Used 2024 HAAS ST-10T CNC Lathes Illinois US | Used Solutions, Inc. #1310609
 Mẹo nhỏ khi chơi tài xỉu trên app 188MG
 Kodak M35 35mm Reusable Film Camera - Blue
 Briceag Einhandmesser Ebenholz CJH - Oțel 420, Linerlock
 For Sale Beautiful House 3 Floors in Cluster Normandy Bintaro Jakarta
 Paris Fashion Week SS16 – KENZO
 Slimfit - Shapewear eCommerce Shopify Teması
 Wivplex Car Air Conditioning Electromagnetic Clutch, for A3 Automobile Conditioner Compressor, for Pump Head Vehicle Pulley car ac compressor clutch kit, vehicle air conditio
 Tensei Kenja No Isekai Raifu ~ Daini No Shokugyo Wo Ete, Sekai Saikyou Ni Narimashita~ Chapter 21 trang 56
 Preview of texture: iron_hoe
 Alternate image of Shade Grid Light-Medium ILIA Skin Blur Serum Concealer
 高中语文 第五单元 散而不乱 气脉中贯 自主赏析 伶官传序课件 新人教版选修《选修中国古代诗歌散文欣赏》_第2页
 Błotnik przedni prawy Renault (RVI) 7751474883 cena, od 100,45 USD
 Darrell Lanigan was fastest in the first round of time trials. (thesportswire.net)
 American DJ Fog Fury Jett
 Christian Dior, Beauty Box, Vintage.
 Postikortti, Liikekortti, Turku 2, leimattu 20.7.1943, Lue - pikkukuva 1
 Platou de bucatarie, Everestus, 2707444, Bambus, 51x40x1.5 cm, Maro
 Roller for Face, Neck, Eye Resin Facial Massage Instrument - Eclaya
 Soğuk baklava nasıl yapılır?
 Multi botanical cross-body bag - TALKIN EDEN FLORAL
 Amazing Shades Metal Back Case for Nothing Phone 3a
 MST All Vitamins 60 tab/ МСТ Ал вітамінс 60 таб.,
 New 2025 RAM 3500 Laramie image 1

[TASK DESCRIPTION] From the first line of the records above to the line that contains "Slimfit - Shapewear eCommerce Shopify Teması", quote each line exactly.

[ANSWER TO THIS EXERCISE]
Used 2024 HAAS ST-10T CNC Lathes Illinois US | Used Solutions, Inc. #1310609
 Mẹo nhỏ khi chơi tài xỉu trên app 188MG
 Kodak M35 35mm Reusable Film Camera - Blue
 Briceag Einhandmesser Ebenholz CJH - Oțel 420, Linerlock
 For Sale Beautiful House 3 Floors in Cluster Normandy Bintaro Jakarta
 Paris Fashion Week SS16 – KENZO
 Slimfit - Shapewear eCommerce Shopify Teması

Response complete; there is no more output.